Oggi viviamo in un altro paradosso, molto simile al precedente, ma di più “liberal”: siamo passati da un sistema novecentesco autoritario con un uomo in carne ed ossa al comando, ad un sistema di mercato - anch’esso autoritario anche se in forme diverse - che tutto controlla e tutto avvolge. Deleghiamo ogni aspetto della nostra vita al mercato. La società attuale ci spinge a vivere ad una tale velocità e immediatezza da costringerci a guardare costantemente al presente, per programmare e progettare un futuro. Ma quale futuro?
Sentono che questo è negativo, sentono una qualche forma di MALESSERE, eppure loro, l'uomo e la donna contemporanei, non sembrano desiderare un CAMBIAMENTO.
L'individuo è spinto a un'iperattività nel presente, all'interno di un recinto che stabilisce quello che è giusto fare, ma senza una direzione chiara e senza tenere conto delle proprie inclinazioni e dei propri desideri originari. L'uomo e la donna sono schiacciati tra la promessa di realizzazione personale e l'obbligo di adattarsi a un sistema che spesso nega la loro autenticità. Sentono che questo è negativo, sentono una qualche forma di malessere, eppure loro, l'uomo e la donna contemporanei, non sembrano desiderare un cambiamento: sembrano piuttosto vivere in una forma placida di equilibrio. Come se le pulsioni fossero silenti e tenute tranquillamente a bada.

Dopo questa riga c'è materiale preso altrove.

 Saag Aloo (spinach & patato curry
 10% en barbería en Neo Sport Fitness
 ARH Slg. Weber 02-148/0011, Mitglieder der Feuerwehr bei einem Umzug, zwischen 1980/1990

Oggi è necessario interrogarsi proprio su questo: su come l'uomo e la donna contemporanei abbiano elaborato un equilibrio, muovendosi tra il desiderio, l'espressione delle pulsioni e l'aspirazione al cambiamento. Christopher Bollas, psicoanalista statunitense, propone l'ipotesi di un compromesso, realizzato attraverso la formazione di personalità normotiche. Tali individui, pur essendo profondamente infelici, trovano rifugio in un'esistenza che si è adattata, un'esistenza apparentemente normale. Secondo Bollas, questi fenomeni non si discostano molto da ciò che viene definita alessitimia: l'incapacità di dare voce alle emozioni.
Avvertire la forza del DESIDERIO e le sue sensazioni espone inevitabilmente al rischio dello smarrimento e in una società così veloce, PERDERSI È PERICOLOSO.
Come scrive Antonella Messina “oggi il clima sociale ed economico è mutato: al dovere della rinuncia (tipico del secolo scorso) è sopraggiunto il dovere del desiderare”. E lo si fa ad una velocità tale da essere sfiniti da questo dovere, incapaci di esprimere la propria vera vitalità. Ne sono la dimostrazione i tantissimi casi di depressione e suicidio, soprattutto tra le nuove generazioni. Passiamo da un desiderio ad un altro, in un continuo usa-e-getta tipico del consumo: finiamo per consumare tutto ciò che è vitale, tutto ciò che è sè. Non perseguiamo il nostro vero desiderio originario, ma uno dei tanti desideri che la società ci invita a perseguire. Non a caso questa non solo è la società del consumo ma, come la definisco io, è anche la società della superficialità.
L'individuo contemporaneo sembra aver accettato un compromesso consistente nell'adesione al principio collettivo della prestazione. Avvertire la forza del desiderio genuino e originario (quello del sè genuino) e le sue sensazioni espone inevitabilmente al rischio dello smarrimento e in una società così veloce, perdersi è pericoloso. Per questo motivo, diventa preferibile separarsi da tali sensazioni, escluderle; meglio ancora, trasformarsi in una macchina efficiente e priva di emozioni, così da non rischiare di perdersi. Il dovere di desiderare significa desiderare tutto e niente, in una continua lotta di indecisioni, tentennamenti, blocchi. Oggi desidero una cosa, domani un’altra e così via: l’importante è stare al passo della velocità che spreme l’individuo.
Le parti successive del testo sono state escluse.